Development of an aggregation assay to screen FimH antagonists

α-d-Mannopyranosides are potent FimH antagonists, which inhibit the adhesion of Escherichia coli to highly mannosylated uroplakin Ia on the urothelium and therefore offer an efficient therapeutic opportunity for the treatment and prevention of urinary tract infection. For the evaluation of the therapeutic potential of FimH antagonists, their effect on the disaggregation of E. coli from Candida albicans and guinea pig erythrocytes (GPE) was studied. The mannose-specific binding of E. coli to yeast cells and erythrocytes is mediated by type 1 pili and can be monitored by aggregometry. Maximal aggregation of C. albicans or GPE to E. coli is reached after 600s.
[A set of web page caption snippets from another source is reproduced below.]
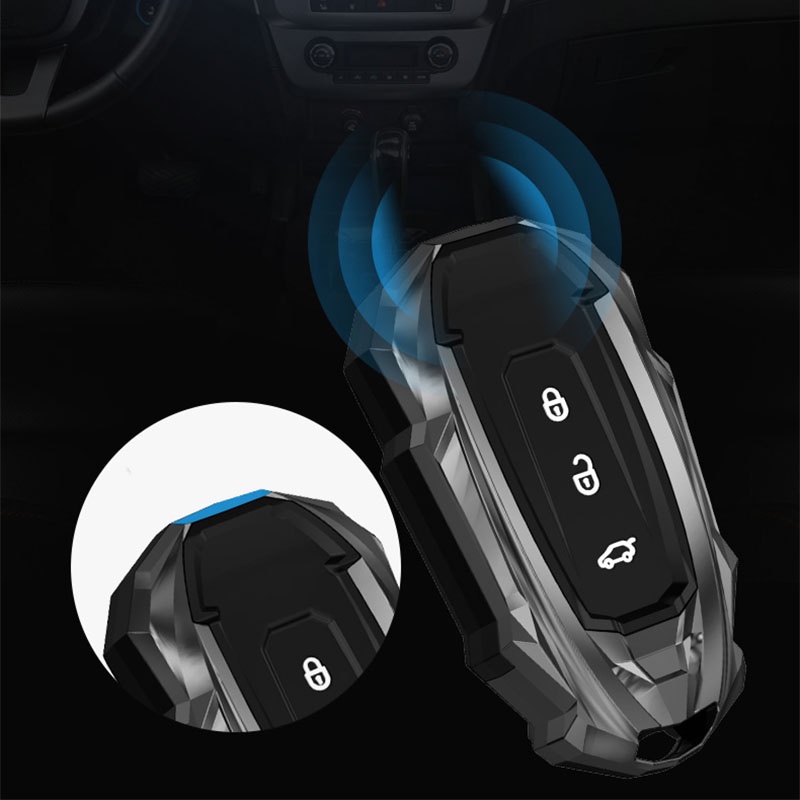 Vỏ Bọc Chìa Khóa Xe Hơi Ford Territory 2023 2020 2021 2022 Bằng Hợp Kim Kẽm Và Silicon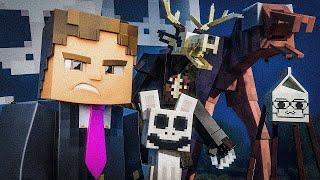 TODAS AS CRIATURAS DO TREVOR HENDERSON NO MINECRAFT O FILME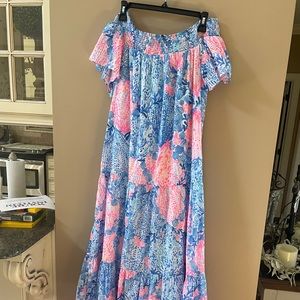 Lilly Pulitzer maxi dress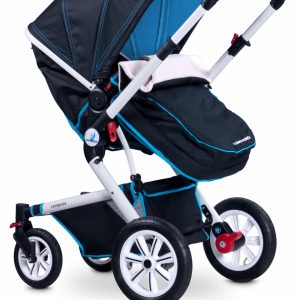 Carucior 2 in 1 Caretero Compass blue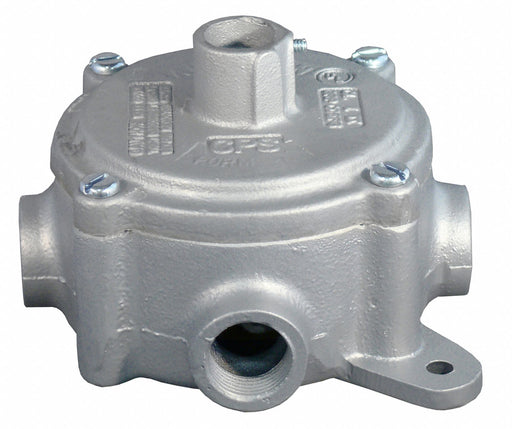 Conduit Outlet Body Iron Trd Sz 3/4in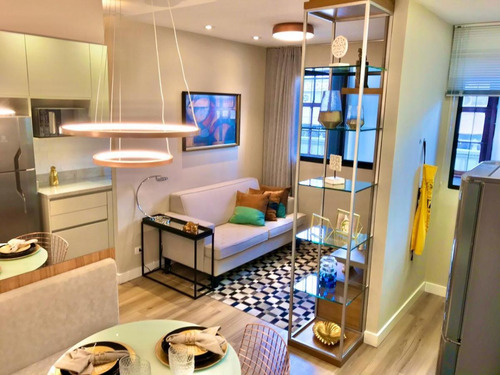 Imagem 5 de 15 de Apartamento Para Venda Em Curitiba, Centro, 1 Dormitório, 1 Banheiro - F00944_2-1137998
Then the FimH antagonist was added and disaggregation determined by light transmission over a period of 1400s. A FimH-deleted mutant of E. coli, which does not induce any aggregation, was used in a control experiment. The activities of FimH antagonists are expressed as IC50s, the half maximal inhibitory concentration of the disaggregation potential. n-Heptyl α-d-mannopyranoside (1) was used as a reference compound and exhibits an IC50 of 77.14μM , whereas methyl α-d-mannopyranoside (2) does not lead to any disaggregation at concentrations up to 800μM. o-Chloro-p-[N-(2-ethoxy-3,4-dioxocyclobut-1-enyl)amino]phenyl α-d-mannopyranoside (3) shows a 90-fold and 2-chloro-4-nitrophenyl α-d-mannopyranoside (4) a 6-fold increased affinity compared to 1. Finally, 4-nitrophenyl α-d-mannopyranoside (5) exhibits an activity similar to 1. As negative control, d-galactose (6) was used. The standardized aggregation assay generates concentration-dependent, reproducible data allowing the evaluation of FimH antagonists according to their potency to inhibit E. coli adherence and can therefore be employed to select candidates for experimental and clinical studies for treatment and prevention of urinary tract infections.